Don’t Shoot Me Santa – Liam

“What am I doing here?” Liam’s maternal grandmother, Bridget Dunlea was still sharp as a tack at eighty-five. Tall and slim with a full head of thick white hair, she’d alternately terrified Liam and his siblings and spoiled them rotten their whole lives.

She gave him a pointed look, eyes tracking the marks on his naked chest. “The same thing you were doing, only quieter.” She crossed her arms and tilted her head, her bathrobe hanging like a judge’s robe from her narrow shoulders.

Liam’s cheeks burned like fire. He barely resisted looking back at the door. What had she heard? Maybe she didn’t know who was sleeping in that room. Could he pretend it was someone other than Joey? He searched his mind for some plausible woman who wasn’t married, lesbian, his relative, or both.

Nothing. His mind had nothing for him. Except…wait. What had she said? Liam put his hands on his hips and looked down at his grandmother. Brigit was tall for a woman, almost five foot nine, but Liam had been taller by the time he was fifteen. It still surprised him every time.

“Wait. Nana. What did you say you were doing here?”

“You heard me,” she said steadily.

Only the two spots of color high on her cheeks hinted at her embarrassment at being caught. Damn Irish complexions didn’t hide anything. Liam grinned. “Are you,” he searched for a polite way to ask, “stepping out with Nonno Lollo?”

Joey’s grandfather, Lorenzo Luciano, was eighty-seven, a widower for almost fifteen years, and not shy about showing his appreciation for the ladies. Liam tried to hold back a grin.

Brigit smacked him upside the head. With love. “I wouldn’t be so quick to throw stones, Mister ‘I just came out my childhood friend’s room looking like I was rode hard and put away wet.’”

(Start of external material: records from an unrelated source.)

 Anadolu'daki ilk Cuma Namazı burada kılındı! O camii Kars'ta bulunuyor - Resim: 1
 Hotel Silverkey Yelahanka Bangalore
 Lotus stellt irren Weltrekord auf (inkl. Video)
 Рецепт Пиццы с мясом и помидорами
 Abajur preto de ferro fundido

It was official. Liam was going to die of embarrassment on Christmas Eve, half-naked in the hallway.

“Come on,” his nana said, smacking him on the back of his head again. “Put a shirt on and come to the kitchen with me. I’m hungry.”

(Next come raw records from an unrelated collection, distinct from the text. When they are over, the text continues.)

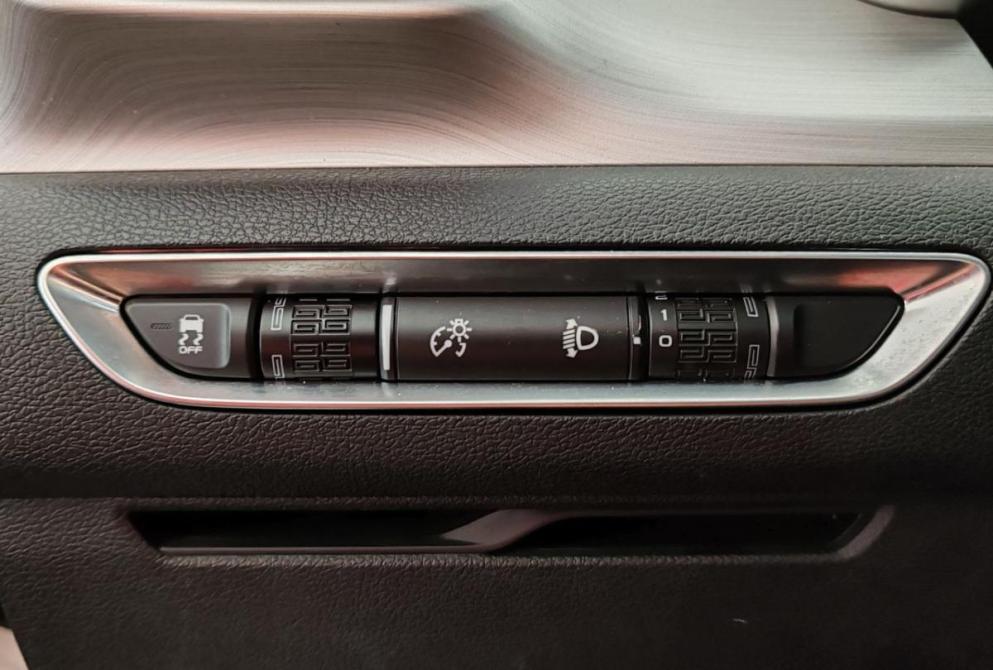 Geely Coolray I Ярославль  - изображение 18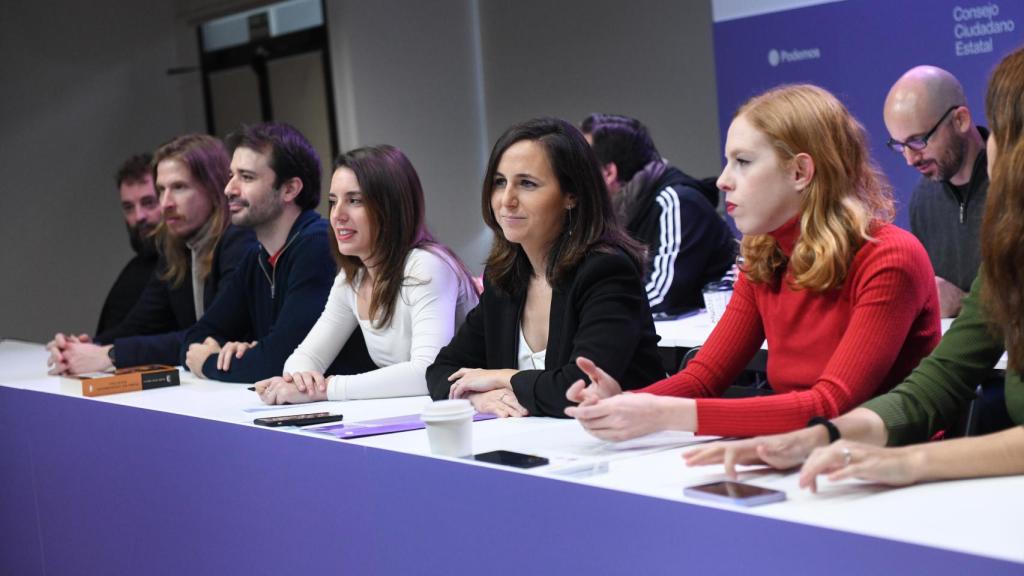 Irene Montero, Ione Belarra y Lilith Verstrynge en una reunión del Consejo Ciudadano Estatal de Podemos.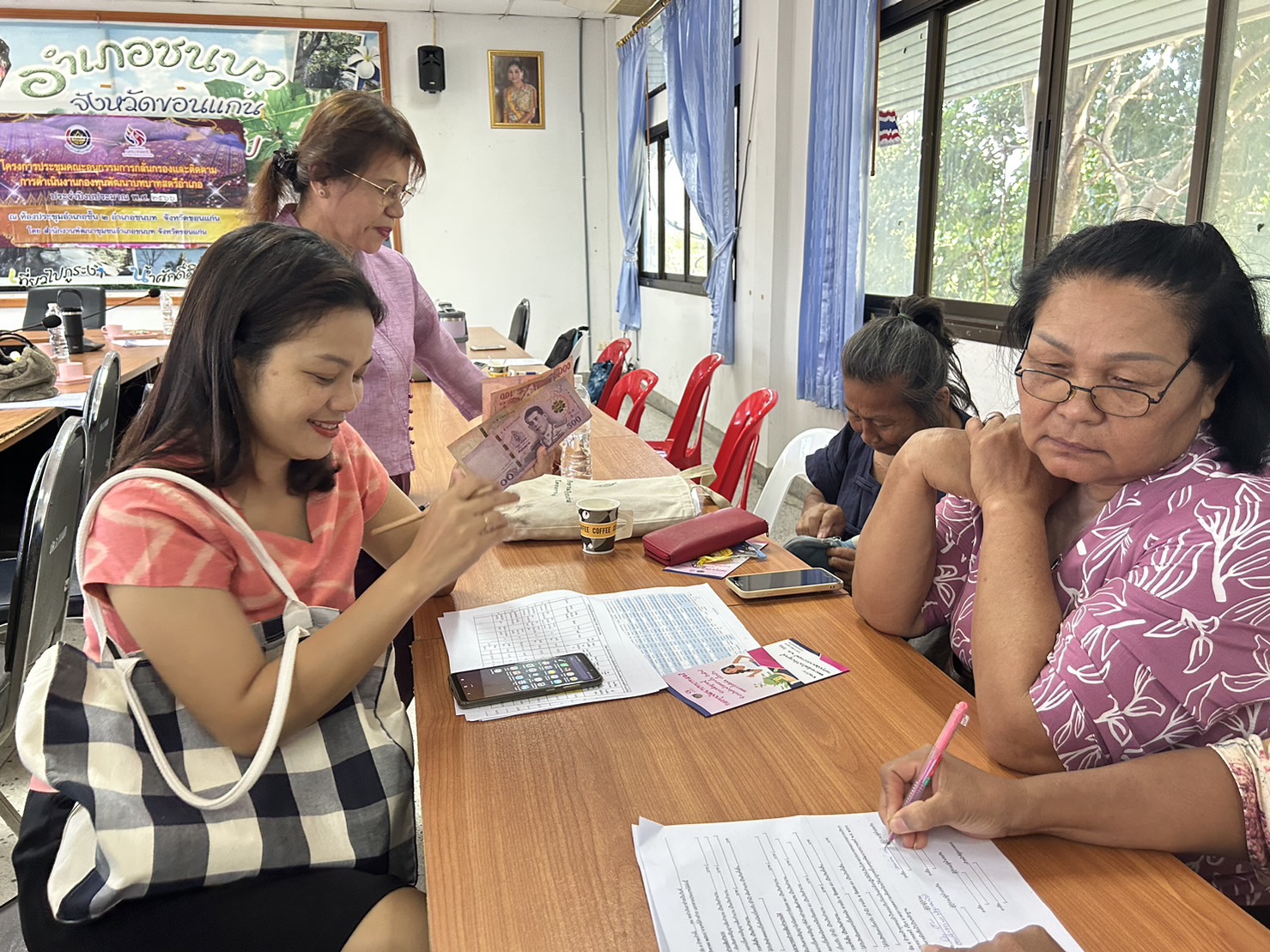 พช.ขอนแก่น : จัดกิจกรรม Mobile Clinic กองทุนพัฒนาบทบาทสตรี จังหวัดขอนแก่น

“What about…?” Liam gestured down the hallway at the door to Nonno’s bedroom, which, he quickly realized, shared a wall with Joey’s room. Fabulous.

“He’s asleep,” Brigit said with a half-smile Liam didn’t want to think about.

Liam hesitated, not wanting to open the door. Brigit rolled her eyes. “Go. Shirt. Kiss Joey. Meet me in the kitchen.” She strode away, bathrobe flapping majestically behind her.

He wasn’t programmed to ignore his grandmother’s orders, so went back into the bedroom.

Joey sat up in the bed, scrubbing ineffectively at his chest with a wadded up t-shirt. “Holy shit, dude. Was that your Nana?” His eyes were wide.

Liam nodded.

“And she saw…?” He waved at Liam’s bare chest.

He nodded again.

“Do you think she…?”

“Oh, she definitely,” Liam answered. He flicked on the overhead lamp, blinking as the bright light stabbed his eyes.

“Are we in trouble?” Joey asked.

Liam stopped digging through his carry-on for the one t-shirt he had packed. Were they? “I don’t know,” he answered honestly. He stood up and grinned at Joey as he pulled the t-shirt over his head. “Though I did catch her coming out of your Nonno’s room. In her bathrobe.”

Joey looked confused. “But it’s so late.”

Liam watched while realization dawned in Joey’s eyes. “No!” He covered his mouth.

“Oh, yes.” He walked over the bed. “I think we both have secrets we’d like to keep tonight.” It was all kinds of wrong, but seeing Joey all sleepy and sex-rumpled made Liam want to crawl back into bed with him and see what other sounds he could pull out the gorgeous kid.

A hint of sadness in Joey’s eyes tugged at Liam’s heart as he bent down and, with a gentle hand on his chin, pulled Joey’s mouth towards him. The tension in Joey’s shoulders lessened when Liam kissed him quickly but deeply. “Nana told me to do that and then meet her in the kitchen. Apparently, she likes a post-coital snack.” He groaned and stood up. “And I can’t believe that sentence just came out of my mouth. I need a drink. A bunch of drinks.”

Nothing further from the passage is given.